By relying upon financial reporting determinations to drive tax reporting requirements, certain potential consistency and fairness concerns arise, beginning most fundamentally with the differing potential treatment of U.S. generally accepted accounting principles (GAAP) filers as compared to International Financial Reporting Standards (IFRS) or other comprehensive basis of accounting (OCBOA) filers and extending to financial reporting judgments and considerations which vary even among companies within particular industries and of comparable scale.

Additionally, by requiring taxpayers and tax return preparers to essentially lay out potential audit issues on the disclosure form, concerns about abrogation of privilege become a significant issue. While we expect that privilege is actually invoked in a relatively small number of circumstances, it will still generate considerable contentiousness among and between clients, their auditors and their tax advisors and return preparers. Moreover, the differences in the precision with which uncertain tax positions are required to be reported under different accounting systems (e.g., U.S. GAAP, IFRS, “other country-GAAP”) potentially creates artificial differences in the risk profile disclosed to the IRS. This will inevitably create frustration and a sense of unfairness for those who think their financial statement process disadvantages them relative to their peers and competitors.
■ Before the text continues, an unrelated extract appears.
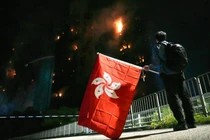 Tính đến chiều 27/1, đã có 55 người thiệt mạng vì vụ cháy ở Hong Kong, bao gồm một lính cứu hỏa. Ảnh: SCMP.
This tension has the potential to undermine the public’s perception of fairness and consistency - two of the key drivers behind the IRS proposal.

Many small, privately held entities do not employ in-house personnel who have expertise in performing FIN 48 analyses and calculations. This situation will likely result in inadequate disclosures of required information on IRS-mandated disclosure forms unless these entities spend additional amounts to have an external advisor prepare the disclosures for them. Small taxpayers are especially concerned about the increased cost of both audits and tax return preparation. They are also very concerned that their “foot-faults” or inadvertent omissions will expose them to additional IRS liabilities and scrutiny that will increase the time and cost that they must devote to the new disclosure regime.
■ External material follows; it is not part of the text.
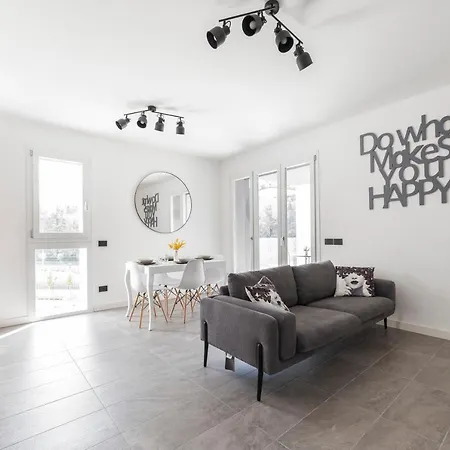 Modern Apt With Terrace And Parking! Апартаменты Милан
In this regard, the AICPA believes the $10 million asset threshold should be significantly elevated. We urge the adoption of a rule that would only apply the UTP reporting requirement to large taxpayers. We, therefore, recommend that a conjunctive test under which only taxpayers that had total assets of in excess of $50 million AND annual gross receipts in excess of $100 million be subject to this requirement. The Service used a similar conjunctive threshold when it established a method for distinguishing between large and small taxpayers for the simplified deduction method for the Section 199 deduction established by Treas. Reg. § 1.199-4(e).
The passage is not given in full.